The title, Shttl, comes from the Yiddish word “shtetl,” referring to small, usually Ashkenazi Jewish villages associated with Eastern European Jewry. But it also lacks the “e” in the English translation as a nod to holocaust survivor Georges Perec’s novel La Disparition, in which the letter “e” never appears. The titular town of the movie sits right on the Ukrainian-Polish border just one day before Operation Barbarossa—the Nazi Germany invasion of the Soviet Union and the frenzied murder of Soviet-occupied Jews.

Mendele (Moshe Lobel) returns to his home shtetl from the film studios of Kyiv for the first time in years and finds his destined love Yuna (Anisia Stasevich) engaged to Folya (Antoine Millet). The Yiddish-fluent Hollywood veteran Saul Rubinek (this year’s BlackBerry, The Ballad of Buster Scruggs, Warehouse 13) plays Yuna’s father, the small town’s rabbi. Even he knows Mendele is the better pick than Folya… but the latter never left home, and that’s important to the community and thus to the ministerial keeper of the community. 

It’s in this world, where everyone has the same rabbi and the same butcher, that the artificial one-shot moves through the bustle of extras, daily activities, and casual bickering. I typically don’t care for long oners simply as a technical showcase or for the sake of the gimmick, but that’s irrelevant because that’s not what’s happening here. The non-stop vitality of the shot is absolutely necessary for the purpose of bringing small-town existence to life—with its romances, religious feuds, and dancing all taken into account—on the brink of destruction. The film isn’t always the greatest at hiding the cuts, but it’s easy to look past that for the narrative purpose of the stylistic choice.
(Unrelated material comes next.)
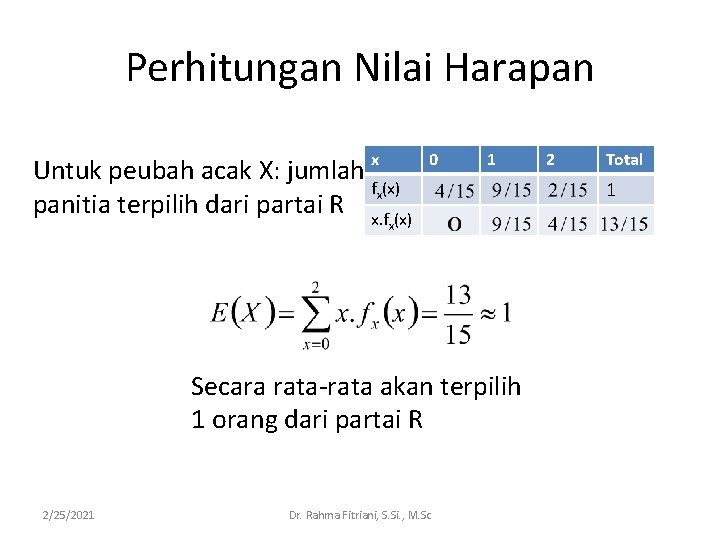 Perhitungan Nilai Harapan x Untuk peubah acak X: jumlah fx(x) panitia terpilih dari partai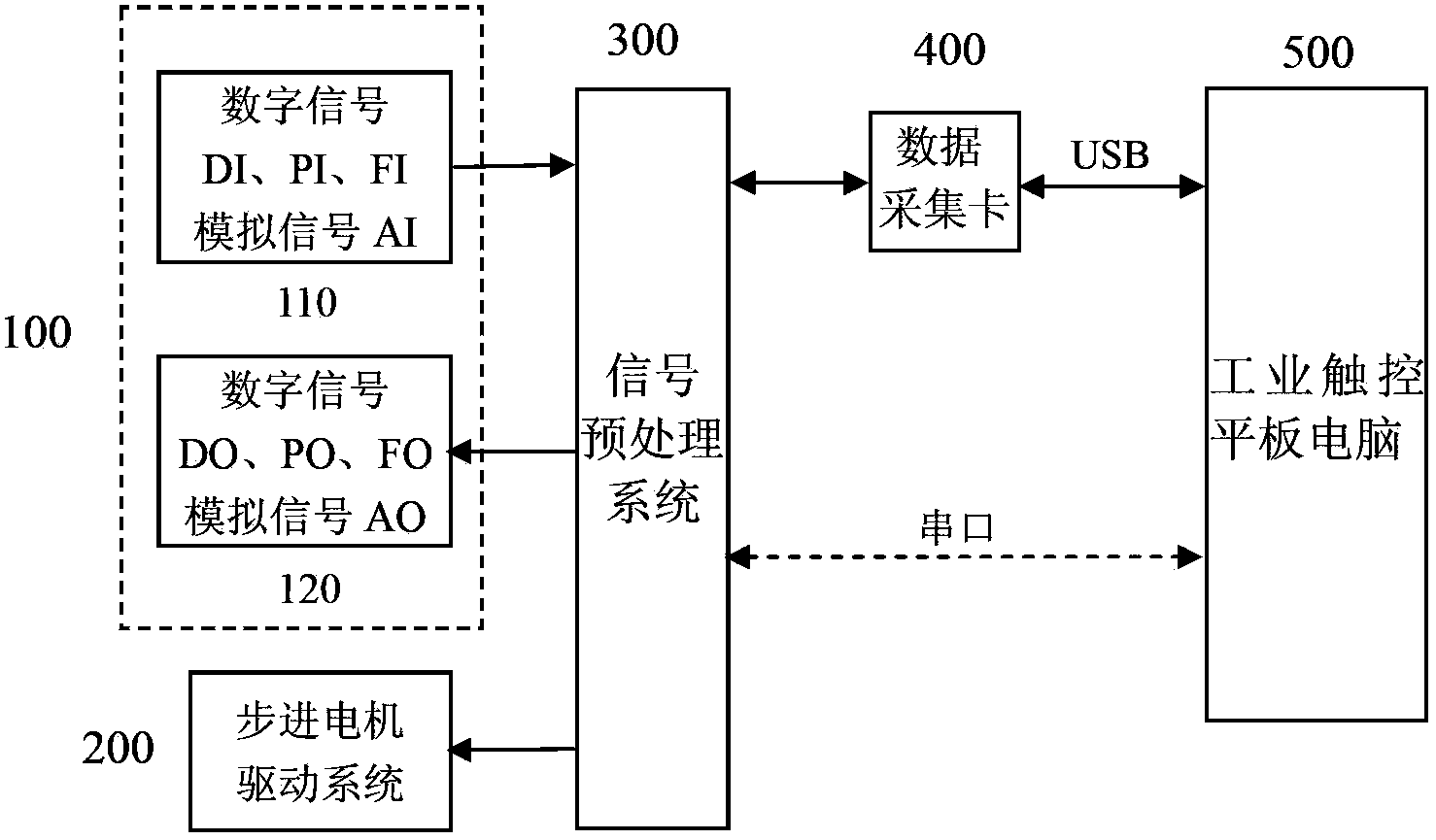 Agricultural equipment parameter measurement and control system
On-screen cold-blooded murder is always sad (or should be, but I won’t go there right now) but it’s even more eviscerating when the viewer has been utterly immersed in shtetl life for an hour and 45 minutes with no chance to even slow for the respite of a new shot or a clean scene break. The oner is essential and that makes it more impressive to this viewer than the often digital long oners that achieve greater technical accomplishments. 

Because of this immersion, the film’s ending ruptures the world of the fictional shtetl. Even knowing exactly how Ady Walter’s first feature has to end, I refused to entertain the thought of Operation Barbarossa in the film’s very obviously final moment of peace. Instead of centering the destruction that’s almost baked into the genre of Holocaust story filmmaking, Shttl shows the beauty of life that makes genocide so anti-human. Shttl reminds me of the power of Emmanuel Levinas’s image of the “face of the other.” Levinas, a Lithuanian-French Jewish philosopher who witnessed the shoah first-hand, taught that “the first word of the face is ‘Thou shalt not kill.” If a movie can believe something, Shttl believes Levinas.

Shttl
2022
dir. Ady Walter
min. 109

Screened at the Coolidge Corner Theater as part of The National Center for Jewish Film’s Annual Film Festival.